BBC’s ‘The Voice UK’ has been giving Simon Cowell a run for his vast amounts of money in the Saturday night TV ratings war.
‘The Voice’ is a singing contest but it differs from the format we are so familiar with seeing on this prime time slot. In the initial stages the coaches sit with their backs turned to the performers and if they like what they hear they press a button and their chair spins around, so they can see the performer. This signifies they are interested in coaching the singer.
The idea behind this is that the coaches judge the contestants purely on their voice and not on their looks, personality, stage presence or dance moves.
There is no opportunity for the coaches to get distracted by external issues or discriminate. This got me wondering how this concept would work in other walks of life?
What would happen to the employment rates of blind and partially sighted people if their interviews were conducted by interviewers with their backs turned and their fingers on the swivel button? I suspect a greater number would receive job offers.
Interestingly, when the blind audition bit on the show was over the coaches were accused of being ageist in the decisions they made when choosing who to select.
I think many of the blind and partially sighted job seekers I work with would be right up for interviews with swivel chairs. They feel they are often unfairly judged and this would provide an equal playing field.
This ‘The Voice’ style of interviewing would remove real or perceived judgements influenced by prejudice or misconceptions.
The reality is we do live in a very visual world. Research tells us that by far the greatest ways in which we form first impressions are visual. They are appearance, followed by non-verbal communications. Non-verbal communications include body language such as; facial expressions, gestures, eye contact and posture.

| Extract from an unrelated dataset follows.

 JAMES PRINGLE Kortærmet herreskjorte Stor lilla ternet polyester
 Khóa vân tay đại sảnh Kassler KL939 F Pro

This mainstream research did not take sight loss into consideration. Appearance and body language will not be the majority way in which visually impaired people form first impressions. In fact, blind people reading this are probably laughing at the novelty of The voice’s ‘blind auditions’ as this is their real life without the swivel chair!
So, while blind and partially sighted people may not make impressions based on visuals, I believe it is worth noting that most people do. If we go back to the interview scenario, it is important that all of us look the part and are aware of our body language.
The body language barrier
It is also known that, if there is conflict between the words you say and your body language, your body language will be believed. Reading body language is a real barrier for most blind and partially sighted people. One which I think many overcome by being attentive listeners and good at reading voices.

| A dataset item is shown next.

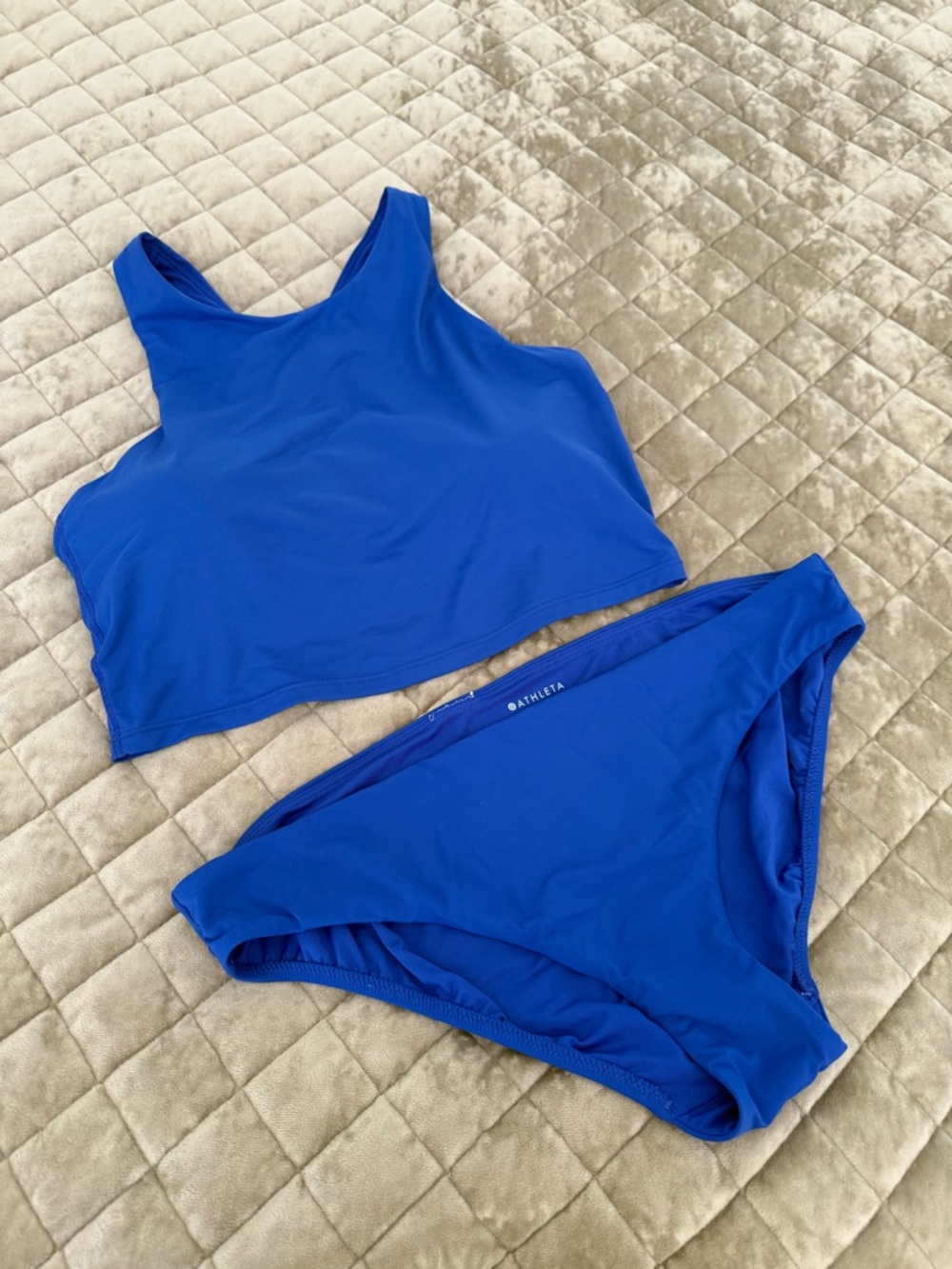 Athleta cobalt blue swim top and bottoms set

I accept that being aware of our own body language, as blind and partially sighted people, is harder but I do think it is possible. I know this as I have coached and offered guidance to job seekers with a whole range of sight loss who have vastly improved how they communicate non-verbally. Truth is, many sighted people are unaware of how their body language may be better used to communicate to others. They too would benefit from getting a second opinion and becoming mindful of how to communicate non-verbally to greater effect.
The other two, far smaller, ways in which we form a first impression are the way we say what we say and the words we use. This includes the rate, pitch, tone and volume we speak at.
Many blind people I speak with feel that the visual stuff can be distracting and that without this distraction they are naturally non-judgemental. They don’t see this as a disadvantage they feel it is a better way. I feel sure it is a better way; BBC audiences seem to feel it is a better way but sadly it is not the widespread way.
Danny, one of the coaches on ‘The Voice UK’ has been quoted as saying he wants to be judged on his music and his voice but also says image is important. I have had many heated debates with blind and partially sighted people about the importance of image, but I am with Danny on this one. I am partially sighted and I want to be judged on my abilities to undertake a role, to deliver a project or to be worthy of spending time with first and foremost. However, I believe image does matter. When you accept this, begrudgingly or otherwise, you can use your image to your advantage. It is a tough world we live in and if I can use my image to show I care about what I do and I am positive in my approach to undertaking it then I will. What I have found when putting this stuff into practise is that not only does it have a positive effect on how I am perceived, but it has a positive effect on how I feel.